:: TO DO ::
Below are some records; quote exactly the lines from the one that contains "900 MPM Merino" through the one that contains "-蓝湾碧波·老字号·疍家非遗海上餐厅", inclusive, and no others.

:: PROVIDED DATA ::
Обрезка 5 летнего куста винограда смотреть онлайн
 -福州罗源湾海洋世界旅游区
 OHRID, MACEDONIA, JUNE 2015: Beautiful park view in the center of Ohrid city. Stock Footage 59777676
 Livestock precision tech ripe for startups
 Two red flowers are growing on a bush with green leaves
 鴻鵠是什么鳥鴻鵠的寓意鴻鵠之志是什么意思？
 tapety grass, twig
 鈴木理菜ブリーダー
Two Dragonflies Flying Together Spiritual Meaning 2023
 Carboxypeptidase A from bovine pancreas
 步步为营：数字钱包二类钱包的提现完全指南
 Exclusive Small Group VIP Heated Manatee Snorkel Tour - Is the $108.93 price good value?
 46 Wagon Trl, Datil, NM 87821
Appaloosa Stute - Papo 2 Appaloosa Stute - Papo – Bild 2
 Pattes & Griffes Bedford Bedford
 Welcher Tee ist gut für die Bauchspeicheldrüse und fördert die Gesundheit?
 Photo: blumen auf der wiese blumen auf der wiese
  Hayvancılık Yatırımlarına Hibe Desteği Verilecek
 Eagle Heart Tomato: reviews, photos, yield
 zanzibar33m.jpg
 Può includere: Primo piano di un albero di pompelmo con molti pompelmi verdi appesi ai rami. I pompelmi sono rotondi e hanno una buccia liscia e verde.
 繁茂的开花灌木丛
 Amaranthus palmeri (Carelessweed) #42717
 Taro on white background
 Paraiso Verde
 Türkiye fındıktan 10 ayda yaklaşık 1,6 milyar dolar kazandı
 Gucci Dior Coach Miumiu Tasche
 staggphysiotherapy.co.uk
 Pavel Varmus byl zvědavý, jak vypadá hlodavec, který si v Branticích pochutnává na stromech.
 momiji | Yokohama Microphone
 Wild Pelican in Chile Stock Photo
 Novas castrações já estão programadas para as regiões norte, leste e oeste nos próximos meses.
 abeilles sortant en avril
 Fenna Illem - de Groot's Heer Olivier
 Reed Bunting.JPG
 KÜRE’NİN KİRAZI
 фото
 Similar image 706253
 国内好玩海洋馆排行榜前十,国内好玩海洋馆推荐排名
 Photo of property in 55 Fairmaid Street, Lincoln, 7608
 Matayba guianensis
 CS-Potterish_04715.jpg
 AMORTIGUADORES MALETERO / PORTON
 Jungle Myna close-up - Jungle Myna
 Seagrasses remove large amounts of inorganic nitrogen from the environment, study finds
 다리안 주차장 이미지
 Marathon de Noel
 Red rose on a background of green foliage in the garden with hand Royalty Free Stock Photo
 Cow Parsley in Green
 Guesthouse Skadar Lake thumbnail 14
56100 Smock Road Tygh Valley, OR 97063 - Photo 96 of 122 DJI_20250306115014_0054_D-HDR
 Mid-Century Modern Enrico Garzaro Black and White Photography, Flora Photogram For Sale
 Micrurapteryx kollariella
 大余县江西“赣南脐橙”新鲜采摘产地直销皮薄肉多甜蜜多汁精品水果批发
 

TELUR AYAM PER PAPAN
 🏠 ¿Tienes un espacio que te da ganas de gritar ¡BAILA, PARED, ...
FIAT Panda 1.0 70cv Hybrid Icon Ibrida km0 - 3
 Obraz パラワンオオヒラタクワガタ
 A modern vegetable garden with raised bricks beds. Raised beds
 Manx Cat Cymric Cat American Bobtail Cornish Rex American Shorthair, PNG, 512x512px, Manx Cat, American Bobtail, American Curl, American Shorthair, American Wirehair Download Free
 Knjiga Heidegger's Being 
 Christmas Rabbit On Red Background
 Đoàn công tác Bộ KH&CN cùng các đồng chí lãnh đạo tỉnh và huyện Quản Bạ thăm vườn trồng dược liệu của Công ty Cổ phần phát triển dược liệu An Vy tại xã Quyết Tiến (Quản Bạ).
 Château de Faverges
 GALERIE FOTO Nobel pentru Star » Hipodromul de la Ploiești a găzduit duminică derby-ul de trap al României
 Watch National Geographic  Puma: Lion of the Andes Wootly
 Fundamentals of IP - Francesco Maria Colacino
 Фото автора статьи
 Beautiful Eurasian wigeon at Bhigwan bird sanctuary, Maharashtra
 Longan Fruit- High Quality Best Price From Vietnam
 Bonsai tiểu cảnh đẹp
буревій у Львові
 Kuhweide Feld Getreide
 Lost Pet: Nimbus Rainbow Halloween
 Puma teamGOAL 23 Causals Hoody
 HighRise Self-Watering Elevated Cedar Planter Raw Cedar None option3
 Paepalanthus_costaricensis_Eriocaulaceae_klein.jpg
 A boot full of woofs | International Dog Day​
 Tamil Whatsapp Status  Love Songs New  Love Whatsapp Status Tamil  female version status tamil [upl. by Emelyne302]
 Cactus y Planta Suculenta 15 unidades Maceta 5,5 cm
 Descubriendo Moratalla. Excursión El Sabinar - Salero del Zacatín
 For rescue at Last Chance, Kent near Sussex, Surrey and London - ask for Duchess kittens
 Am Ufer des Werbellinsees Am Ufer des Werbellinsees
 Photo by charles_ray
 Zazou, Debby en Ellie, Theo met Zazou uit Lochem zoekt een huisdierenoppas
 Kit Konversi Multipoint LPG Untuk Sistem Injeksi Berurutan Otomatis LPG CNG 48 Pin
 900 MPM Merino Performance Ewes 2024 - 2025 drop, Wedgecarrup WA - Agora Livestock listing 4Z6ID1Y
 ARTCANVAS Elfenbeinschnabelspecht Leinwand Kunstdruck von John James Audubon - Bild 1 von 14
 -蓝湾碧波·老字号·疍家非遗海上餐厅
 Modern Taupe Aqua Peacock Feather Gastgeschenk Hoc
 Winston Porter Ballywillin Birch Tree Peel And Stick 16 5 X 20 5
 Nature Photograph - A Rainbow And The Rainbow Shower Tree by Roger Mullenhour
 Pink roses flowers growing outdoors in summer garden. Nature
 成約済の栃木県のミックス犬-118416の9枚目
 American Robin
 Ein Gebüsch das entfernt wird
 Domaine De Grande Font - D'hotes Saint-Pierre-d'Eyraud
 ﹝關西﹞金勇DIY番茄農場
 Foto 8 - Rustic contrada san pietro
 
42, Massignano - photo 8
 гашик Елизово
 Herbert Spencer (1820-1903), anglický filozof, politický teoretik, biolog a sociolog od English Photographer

:: WRITTEN SOLUTION ::
 900 MPM Merino Performance Ewes 2024 - 2025 drop, Wedgecarrup WA - Agora Livestock listing 4Z6ID1Y
 ARTCANVAS Elfenbeinschnabelspecht Leinwand Kunstdruck von John James Audubon - Bild 1 von 14
 -蓝湾碧波·老字号·疍家非遗海上餐厅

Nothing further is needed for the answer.